Children often look up to us for answers, and sometimes, we don’t know the answers. It’s nothing to be ashamed of. And it’s nothing to hide. Hiding lack of knowledge sets a bad example for children. Children have all kinds of things they don’t know, and they can quickly pick up the habit of concealing their ignorance, especially if they see adults doing it. And when they conceal their ignorance, they’re harder to teach.
But we do conceal some of our ignorance, and they know that. In fact, “ignorance” has come to carry a derogatory connotation, which I don’t think it deserves, and the concept that goes with the word has a bad reputation, too. So sometimes, instead of saying “I don’t know,” we speculate, we make up answers, or we say “Let’s look it up” with a tone that implies that we do know – that we’re cleverly sneaking in some teaching of research skills.
So far, in these articles,I usually only confess to the human foibles I know are fairly common. I know that pretending to know is a common foible, so I feel okay about admitting that I’ve done it. I’ll let you know about my other foibles as soon as I’m sure they’re common. It may be nice to have children think we know everything, but that illusion is short-lived, and I usually try to help children get beyond it. I don’t have to pretend I don’t know things; there are lots of things I actually don’t know, and children are pretty good at asking the questions that uncover those things.

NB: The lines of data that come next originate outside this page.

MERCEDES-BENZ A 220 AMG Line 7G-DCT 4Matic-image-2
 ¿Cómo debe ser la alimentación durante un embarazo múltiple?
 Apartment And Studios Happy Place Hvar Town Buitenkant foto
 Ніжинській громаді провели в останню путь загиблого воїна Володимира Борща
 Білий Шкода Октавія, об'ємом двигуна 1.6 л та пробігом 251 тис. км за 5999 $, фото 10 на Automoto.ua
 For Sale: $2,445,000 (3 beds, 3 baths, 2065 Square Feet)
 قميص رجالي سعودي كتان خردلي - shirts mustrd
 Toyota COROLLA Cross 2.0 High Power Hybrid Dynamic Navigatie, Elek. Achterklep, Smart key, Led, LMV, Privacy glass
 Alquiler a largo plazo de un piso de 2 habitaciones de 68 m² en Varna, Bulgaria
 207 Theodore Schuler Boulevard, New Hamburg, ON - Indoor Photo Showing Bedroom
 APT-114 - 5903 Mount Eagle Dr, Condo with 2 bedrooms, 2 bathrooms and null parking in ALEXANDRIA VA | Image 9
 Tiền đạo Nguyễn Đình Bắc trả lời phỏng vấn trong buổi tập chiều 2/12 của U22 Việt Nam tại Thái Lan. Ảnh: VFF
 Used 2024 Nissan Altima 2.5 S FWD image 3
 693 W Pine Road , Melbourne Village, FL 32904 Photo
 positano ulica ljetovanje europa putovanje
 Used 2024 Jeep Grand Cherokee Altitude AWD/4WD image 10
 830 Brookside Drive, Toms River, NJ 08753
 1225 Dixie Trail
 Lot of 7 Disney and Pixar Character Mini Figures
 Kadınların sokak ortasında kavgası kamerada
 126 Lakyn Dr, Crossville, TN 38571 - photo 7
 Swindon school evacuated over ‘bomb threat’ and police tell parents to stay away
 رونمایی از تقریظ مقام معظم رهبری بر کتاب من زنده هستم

I’m not saying that teachers have a responsibility, for children’s sake, to make sure they don’t know much. Ignorance is an ever-flowing river, and we’re in no danger that it will run dry. Omniscience is far out of reach; we’ll often hear questions we can’t answer. Occasionally, it is good to hold back some knowledge – if a child wants to know something she/he can find out fairly independently with a reasonable amount of time and energy, that’s not a time for a teacher to supply the answer. Of course, it’s a judgment call – sometimes a child should look it up in the dictionary, encyclopedia, or some other resource book. Sometimes it just takes a little extra thinking. Maybe an intelligent experiment will lead to a good answer. But maybe the child wants/needs to know right away, or will be content to live with ignorance. Skillfully deciding when and when not to answer children’s questions is one of the many arts/sciences involved in teaching children.
But sometimes that’s not the question; sometimes the teacher just doesn’t know. I do believe that it’s good for children to hear, once in a while, that their mentors have bits of the universe they have not yet come to understand – that we’re not answering because we can’t. What we mentors do about our areas of ignorance once we reveal them is important, too, but the vital first step is to come clean with an honest “I don’t know.”